Qualitative example: VG-trained model references frame-level observations — Our VG-trained model demonstrates stronger visual grounding by explicitly referencing frame-level observations, while baselines rely on general knowledge or linguistic patterns.

Qualitative example 1 — Additional qualitative example: the VG-trained model grounds its answer in concrete visual evidence observed across frames, where baselines fall back on language priors.
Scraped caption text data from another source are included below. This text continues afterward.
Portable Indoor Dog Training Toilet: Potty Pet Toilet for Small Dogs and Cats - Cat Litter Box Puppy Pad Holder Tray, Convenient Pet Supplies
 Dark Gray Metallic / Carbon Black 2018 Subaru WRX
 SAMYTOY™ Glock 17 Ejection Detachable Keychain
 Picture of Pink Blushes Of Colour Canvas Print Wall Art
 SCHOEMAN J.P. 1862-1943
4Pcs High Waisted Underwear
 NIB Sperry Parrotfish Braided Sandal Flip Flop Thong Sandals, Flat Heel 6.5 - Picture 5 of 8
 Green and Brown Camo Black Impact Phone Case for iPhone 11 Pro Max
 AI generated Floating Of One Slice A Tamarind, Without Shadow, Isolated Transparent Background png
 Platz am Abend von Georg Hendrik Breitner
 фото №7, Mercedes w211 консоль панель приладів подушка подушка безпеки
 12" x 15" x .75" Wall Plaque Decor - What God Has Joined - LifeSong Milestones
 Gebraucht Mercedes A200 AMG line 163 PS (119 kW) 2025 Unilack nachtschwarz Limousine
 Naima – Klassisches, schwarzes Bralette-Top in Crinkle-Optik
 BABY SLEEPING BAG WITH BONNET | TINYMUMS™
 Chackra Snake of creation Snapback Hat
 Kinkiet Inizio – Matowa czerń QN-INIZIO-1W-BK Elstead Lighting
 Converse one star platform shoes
Qualitative example 3 — Additional qualitative example: even on a question that looks linguistically "easy", the VG-trained model still appeals to the video, avoiding the shortcut other baselines take.

Conclusion

We identify the pervasive presence of linguistic shortcutting in both video understanding benchmarks and post-training datasets — some of the most popular benchmarks contain 40–60% of questions answerable from text alone. Filtering those questions out before post-training yields an exceedingly simple yet effective recipe that outperforms seven more complex post-training approaches and provides notable training-data efficiency.

Our findings highlight the importance of curating post-training data and evaluation benchmarks that truly require visual grounding, offering a simple yet powerful direction for building more robust and visually grounded VLMs.